Eve: Challenges of Bloat

I started playing Eve in the Fall/Autumn of 2008. In a few months I'll be celebrating seven years of continuous play on my Main character. That is easily and without question the longest I've ever stuck with a "game", it isn't even close. I can't really explain it. If you had told me on day one that I'd still be playing, writing, drawing and driving content seven years later I would have laughed - right in your face. I mean, c'mon, that ain't normal.

It does offer a certain level of perspective however and that is what I'd like to focus on over the next few days. I've been growing increasingly concerned of late about my favorite hobby. Despite being the best it has ever been, and there can be no argument about the validity of that statement, Eve's subscription numbers have not only stalemated - they may have started to drop. (And I don't care about the details, other bloggers and forum writers deal with those. What I care about is the trends, and no matter what numbers you look at, the trends are not going in the right direction.)
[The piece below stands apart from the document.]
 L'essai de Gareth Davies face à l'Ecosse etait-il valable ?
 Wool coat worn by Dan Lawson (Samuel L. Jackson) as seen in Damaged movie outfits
When I think back about how Eve was perceived at the time I started playing it is amazing to me that it was considered "complex" back then. This was the age when the infamous "learning curve" graphic was made. I find that surprising considering how simple Eve in 2008 seems compared to Eve 2015. Everything was so much more streamlined back then. Just off the top of my head we've added Strategic Cruisers, T3 Destroyers, Dominion Sov, Incursions, FW Systems, Missions, Wormholes, Crime Watch, Exploration ships like the Astero, Stratios, not to mention a slew of additional ships like the Barghest and others. And that is just off the top of my head. And soon we'll be adding even more to that list. Citadels, player-built Gates, and a whole new Sov system. Not to mention other things that I suddenly remember, like y'know, Drifters and Sleepers and... the list is rather long.

Which begs the question, has Eve become bloated with features and choices? And is that a good or a bad thing?

During the journey we all cheer and argue and debate each and every change, addition and modification. Endlessly. But it is always seen, no matter how you feel about each detail, as progress. That is the problem with creep and bloat, at the time it all feels like a natural progression. Changes are needed, new features are needed, new content to keep the troops engaged. It is only in hindsight, when you look back, that you start to realize just how far we've come at the service of progress, change and features.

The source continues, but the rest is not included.